Ethanol versus Sugar stocks

Take a look at the latest Barron's roundtable. Sounds like owning sugar rather than ethanol stocks is the way to go to play the rising demand for ethanol according to money manager Felix Zulauf. Since February 2006, the price of sugar has fallen 50% to 11 cents a pound. That's below production costs of about 14 cents in Brazil and India, the two largest producers! This may mean that sugar production is therefore on the decline, while demand is rising due to ethanol.
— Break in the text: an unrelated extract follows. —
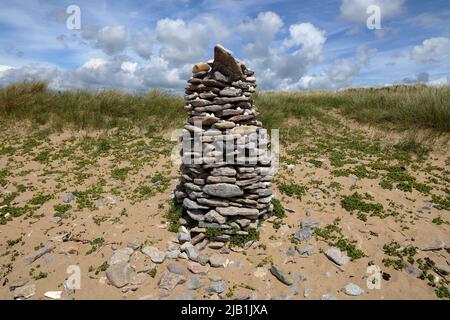 Eine schöne Säule aus Strandfelsen, die auf halbem Weg eine große Sanddüne in den Merthyr Mawr Sanddünen zu einer kegelförmigen Säule geformt wurde. Stockfoto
Brazil is also the producer of 5 billion gallons of ethanol a year, and is planing to increase that to 8 billion gallons within the next three years. 22% of Brazil's total fleet of cars are Flex cars, and the government wants the percentage to rise to at least 30%.

Brazil also exports ethanol to the U.S., Japan and China, all of which are raising their demand. "In the past", says Zulauf, "when sugar started rising from a price below the cost of production, it rose 100% or more, on average." His target price is 20 cents. Note that according to Zulauf a 30% increase in the price of sugar (far less than the increase from 11 to 20 cents he's predicting) would eliminate ethanol's price advantage over gasoline. Sugar futures are therefore a better play on ethanol than the sugar-based ethanol producers such as Cosan (
CZZ). Investors who can't access sugar futures may consider two commodity ETFs: the PowerShares DB Agriculture ETF (DBA) and ELEMENTS Linked to the MLCX Biofuels Index ETF (FUE).